Chez mes beaux-parents, il y avait un petit meuble. Sur ce meuble, des photos, et posées devant les photos, des bougies.

  • Ce sont mes morts.
  • Demain, j’allumerais une bougie pour Fernande, c’est son anniversaire.
  • Hier, j’ai changé la rose de la petite Roro. L’autre était fanée.

Ses morts faisaient partie de sa vie. C’était naturel pour elle d’en parler. Il est vrai qu’elle avait rencontré la mort très tôt, à 6 ans. Adrien, son père n’était pas revenu de la « Grande Guerre ». Elle évoquait son souvenir avec douceur, mais aussi avec colère.

  • Un père de 4 enfants ! Mais comment peut-on envoyer à la guerre un père de 4 enfants ?
  • Papa est venu en permission. Je ne savais pas, personne ne savait que c’était la dernière fois que nous le voyions. Et le soir, quand il est reparti, je dormais. Il n’a pas voulu me réveiller. Papa est parti sans que je lui dise aurevoir une dernière fois. Et toute la tristesse de la petite fille de 6 ans s’exprimait dans son regard.

La vie d’Adrienne, sa mère, s’est déroulée dans le deuil et la résignation. Elle est devenue une femme dure aux yeux de sa fille. Une femme fière aussi, qui ne voulait pas accepter la pitié des autres, en fait ce qu’elle prenait pour de la pitié.

  • On était pupilles de la Nation. Maman aurait pu avoir des secours. Mais elle ne voulait pas demander. Ce n’était pas drôle tous les jours. J’ai eu faim, oui, j’ai eu faim.

De ses années d'école, elle avait gardé le souvenir d'une course permanente :

  • On habitait loin de l'école. Il fallait courir pour arriver à l'heure. Et avant de partir, il fallait faire les corvées. Le soir, pareil. Le midi, on ne restait pas à la cantine. On aurait pu, comme Pupilles de la Nation, mais Maman ne voulait pas... Alors, on courait pour rentrer, on mangeait à toute vitesse, et on repartait, toujours en courant. Et souvent, le ventre à moitié vide. J'aimais bien l'école, j'aurais bien voulu continuer l'école, mais Maman n'a pas voulu. A partir de 12 ans, j'ai travaillé, je ne gagnais pas grand-chose, mais c'était toujours ça.

Quelques souvenirs heureux :

  • Quand on y allait, on avait droit à un bon goûter : une tartine de miel, une pomme, et pour les plus grandes, un fond de verre de cidre. C’était bon... . En disant cela, elle se frottait le ventre, comme une enfant, tout en souriant.

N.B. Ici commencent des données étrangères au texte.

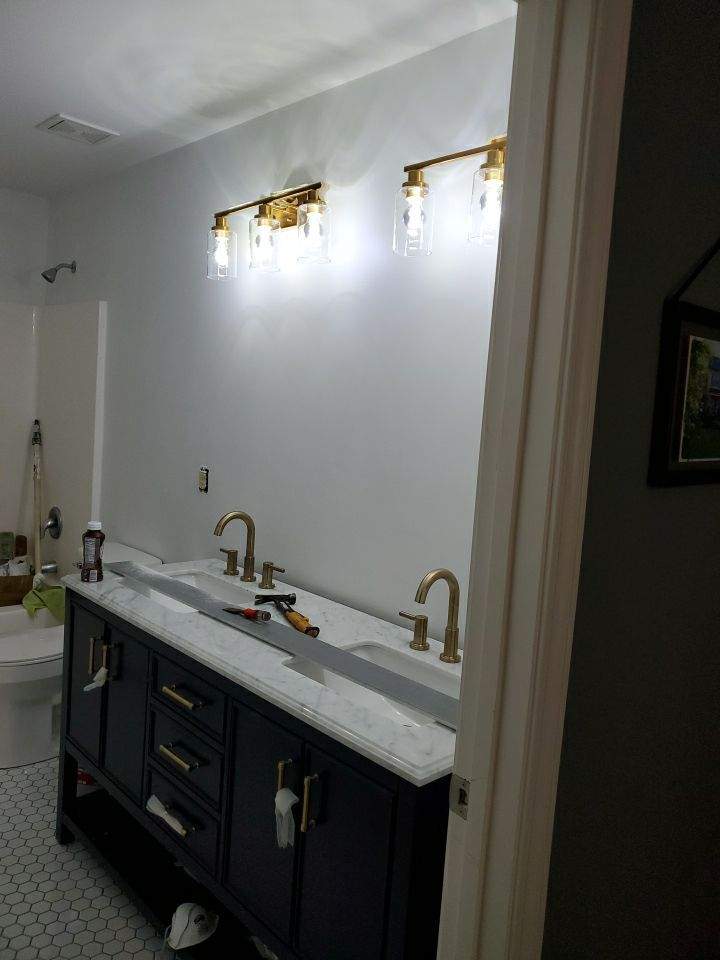 From Flooded to Flawless: A Holly Springs Bathroom Restoration by Elite Remodeling and Design LLC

Elle racontait ses promenades autour de Lisieux, le dimanche. Le bonheur simple de respirer, de sentir le vent, de chanter, et même... de faire un peu les folles sur la route.

Et de la colère, toujours un peu :

  • Un jour, après que le grand deuil de papa a été terminé, j’ai eu un beau chapeau de paille. Il était blanc, avec de jolies fleurs. J’étais tellement contente. Et la grand-mère est morte. Et c’est reparti pour le noir du deuil. Maman a teint mon joli chapeau en noir ! J’étais en colère et je lui ai dit. Elle m’a répondu qu’on ne pouvait pas se promener en blanc quand on était en deuil. J’ai passé toute mon enfance en noir : il y avait toujours quelqu’un qui mourait !

Un peu plus tard, elle a commencé à passer ses vacances chez sa tante, la mère d’Arsène. Pas vraiment pour prendre du "bon temps", plus pour aider : son oncle et sa tante tenaient un commerce. Et sa tante s’était mise dans la tête de lui apprendre la broderie.

  • Un supplice, je n’arrivais à rien. Alors la tante défaisait tout ce que je faisais, et il fallait que je recommence, que je recommence... Un rire : Ça n’a servi à rien : je n’ai jamais su broder ! Et puis, honnêtement, je pense que je ne voulais pas apprendre. C’était drôle de la voir se mettre en colère.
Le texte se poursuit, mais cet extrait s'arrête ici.